#### Exercise material

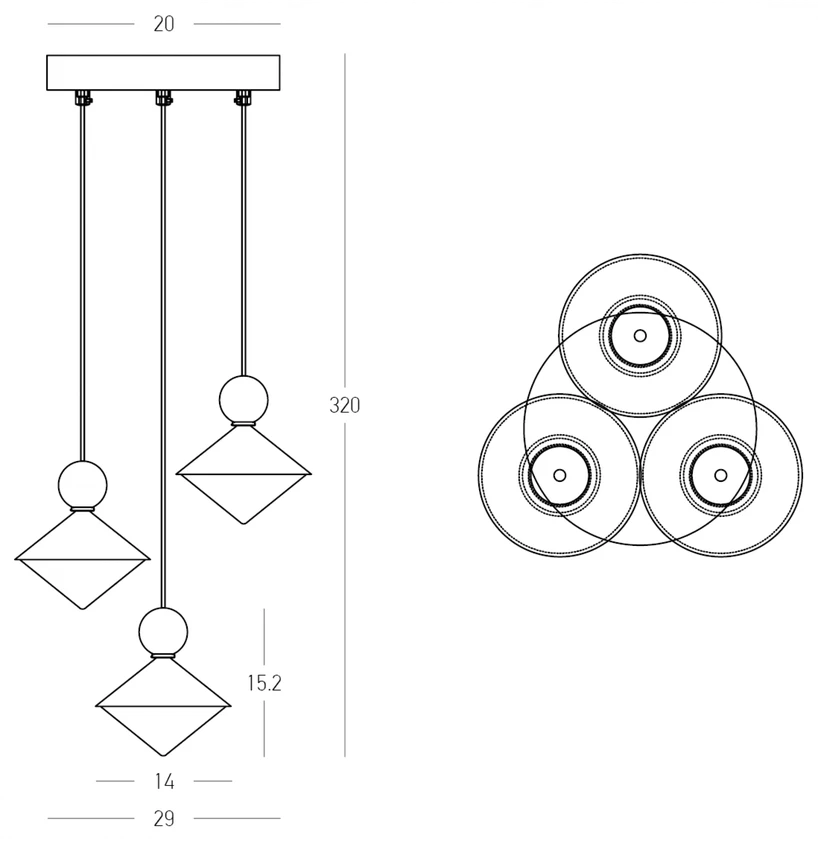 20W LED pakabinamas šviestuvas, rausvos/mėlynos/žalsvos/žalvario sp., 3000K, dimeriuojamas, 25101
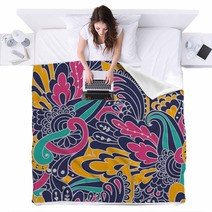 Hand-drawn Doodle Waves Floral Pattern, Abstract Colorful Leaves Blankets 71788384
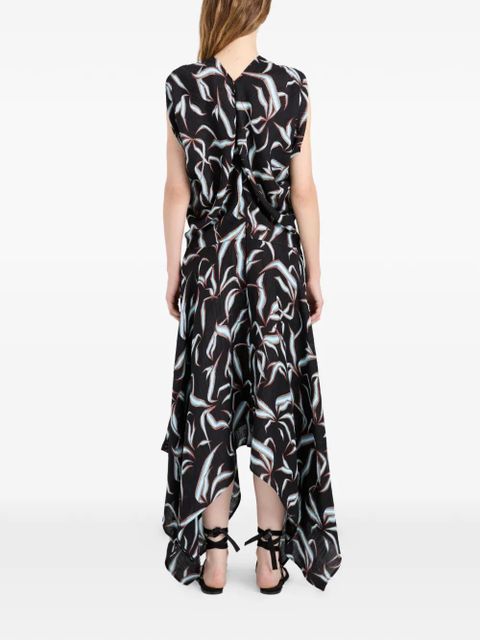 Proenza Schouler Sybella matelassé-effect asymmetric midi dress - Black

########
#### Exercise material

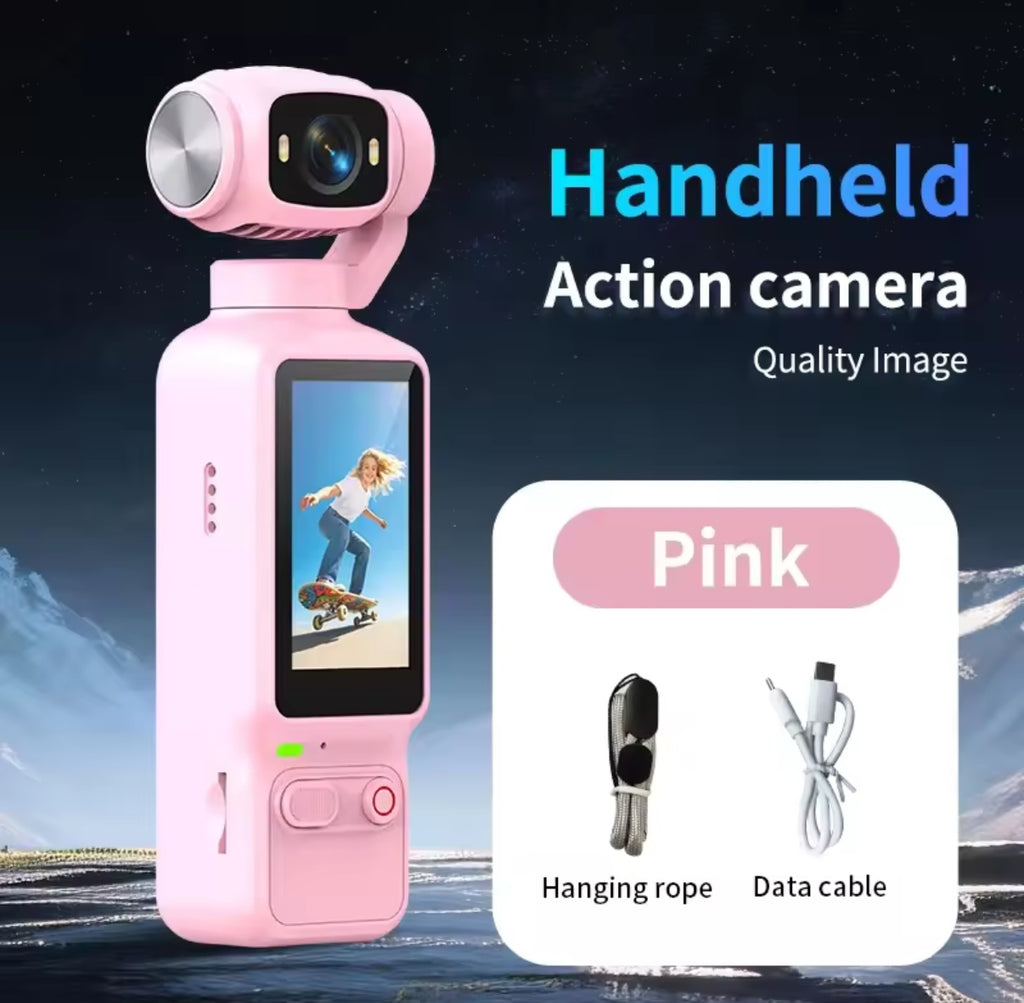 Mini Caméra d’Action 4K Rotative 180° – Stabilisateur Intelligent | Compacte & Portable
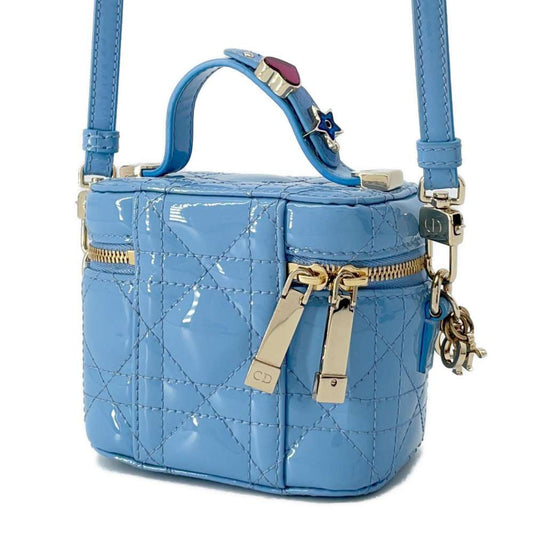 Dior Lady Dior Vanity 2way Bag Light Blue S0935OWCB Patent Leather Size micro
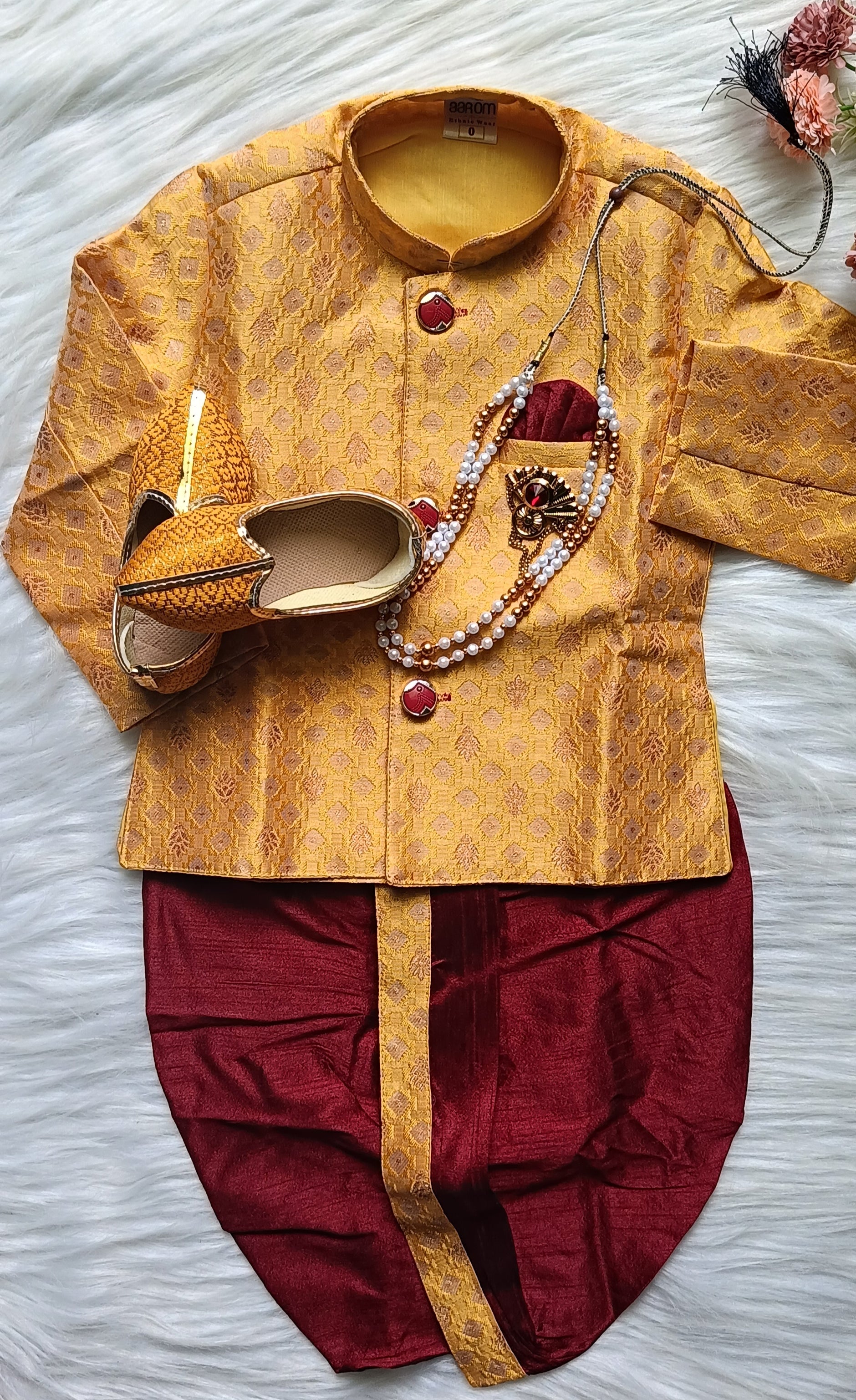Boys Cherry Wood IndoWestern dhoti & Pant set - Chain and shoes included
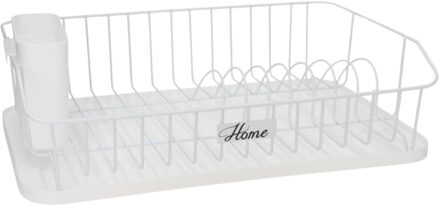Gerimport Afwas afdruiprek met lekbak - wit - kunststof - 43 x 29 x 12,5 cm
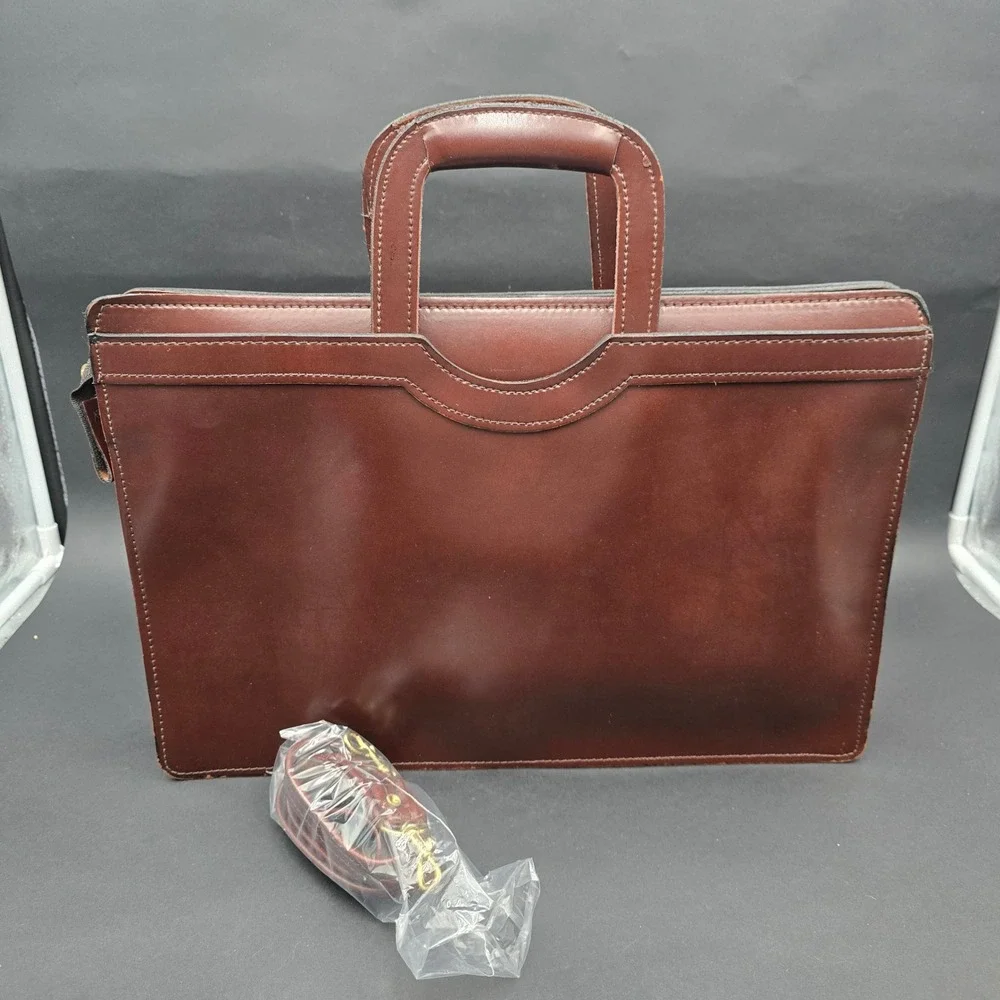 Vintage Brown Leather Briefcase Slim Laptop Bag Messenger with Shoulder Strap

########
#### Exercise material

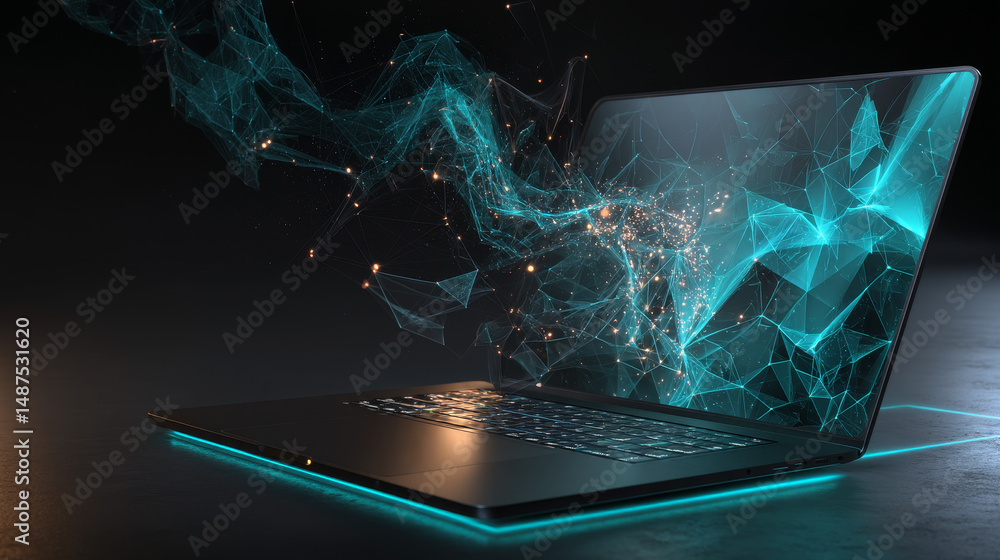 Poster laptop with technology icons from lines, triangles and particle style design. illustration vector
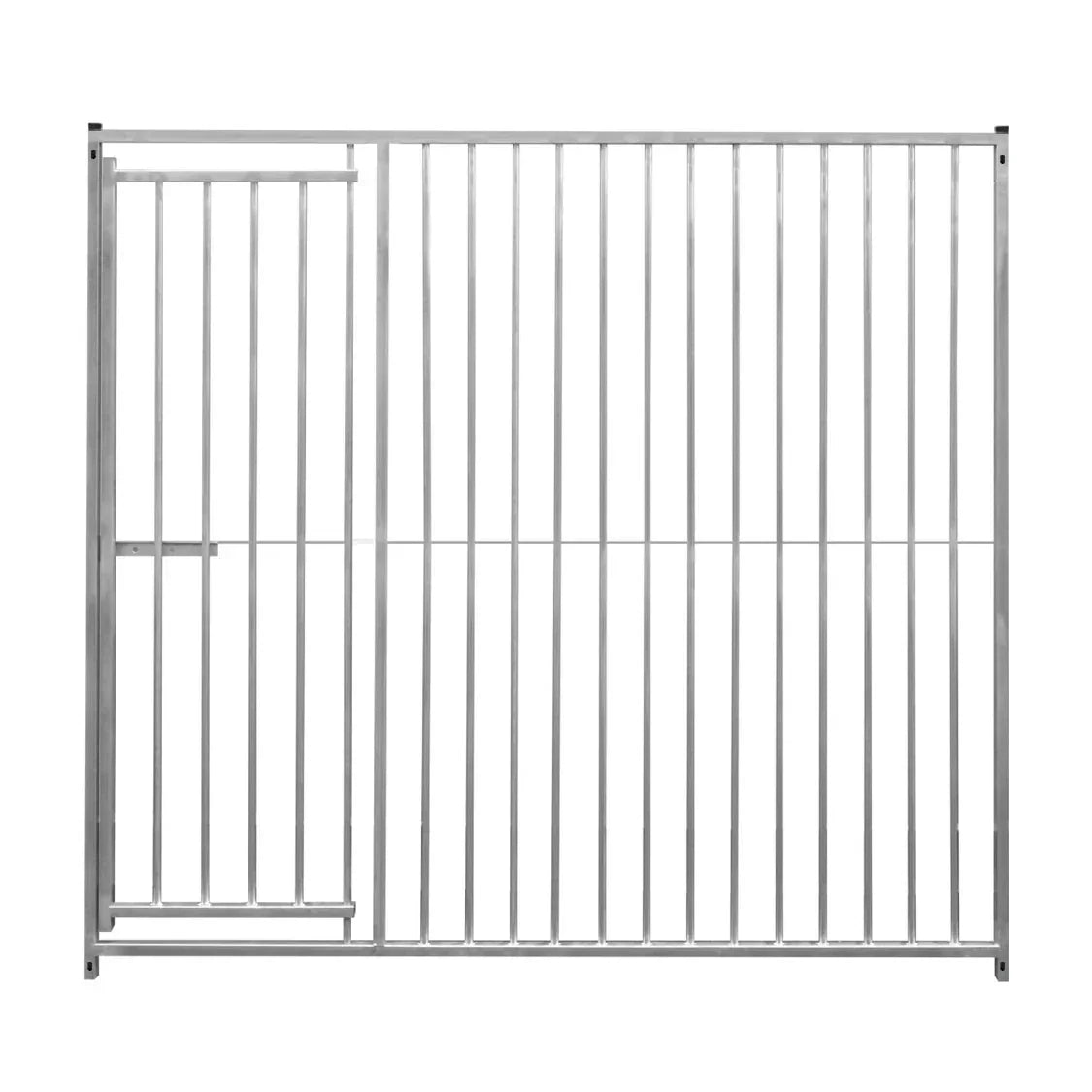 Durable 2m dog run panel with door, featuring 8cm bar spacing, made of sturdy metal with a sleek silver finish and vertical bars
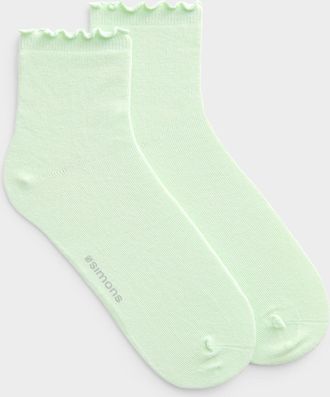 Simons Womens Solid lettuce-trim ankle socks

########

# How to complete this task
Using the records above, print exactly the run of lines that starts with the line with "Boys Cherry Wood" and goes on through the line with "Vintage Brown Leather", pictures excluded.

# Answer section
Boys Cherry Wood IndoWestern dhoti & Pant set - Chain and shoes included
Gerimport Afwas afdruiprek met lekbak - wit - kunststof - 43 x 29 x 12,5 cm
 Vintage Brown Leather Briefcase Slim Laptop Bag Messenger with Shoulder Strap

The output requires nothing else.